Personal information
- Full name: John George Dodsworth
- Date of birth: 6 March 1907
- Place of birth: Darlington, England
- Date of death: March 1996
- Place of death: Darlington, England
- Height: 5 ft 9 in (1.75 m)
- Position: Half-back

Senior career*
- Years: Team / Apps / (Gls)
- 1928: Darlington / 1 / (0)
- 1928–1930: Nelson / 2 / (0)
- 1930: Shildon / ? / (?)
- 1930–1931: Crook Town / ? / (?)

= John Dodsworth (footballer) =

English footballer

John George Dodsworth (6 March 1907 – March 1996) was an English professional footballer who played as a right-half. Born in Darlington, County Durham, he joined the Darlington reserve team in March 1928 and played his only league game for the club on 5 May 1928 in the 1–3 defeat away at Rotherham United. Later that month, Dodsworth signed for Football League Third Division North side Nelson, following in the footsteps of Jack English, his former manager at Darlington. He was one of a number of Darlington players suspended by The Football Association in relation to alleged irregular payments, and subsequently was unavailable for selection for his new club until January 1929.

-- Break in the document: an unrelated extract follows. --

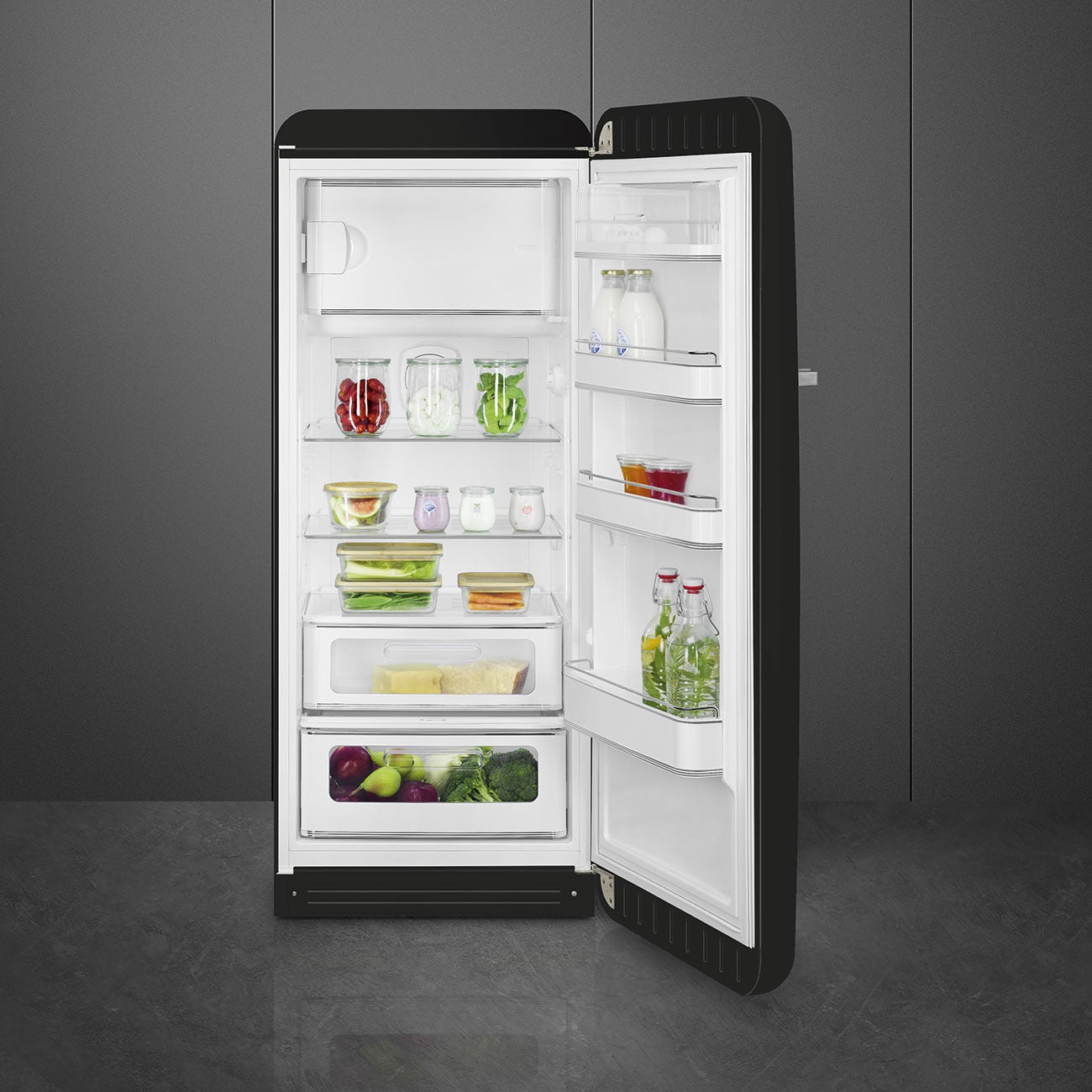 Tủ lạnh một cửa SMEG FAB28RBL5 màu đen cánh phải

An injury to the Nelson captain, former England international defender George Wilson, meant that Dodsworth was included in the team for the 3–0 win over New Brighton at Seedhill on 2 February 1929. He also played in the following match, a 1–3 loss to Wrexham a week later. That proved to be Dodsworth's last Football League game, and in February 1930 he moved back to the north-east to sign for non-league outfit Shildon. He spent six months with the club before moving to Crook Town, where he played for one season before retiring from football in 1931.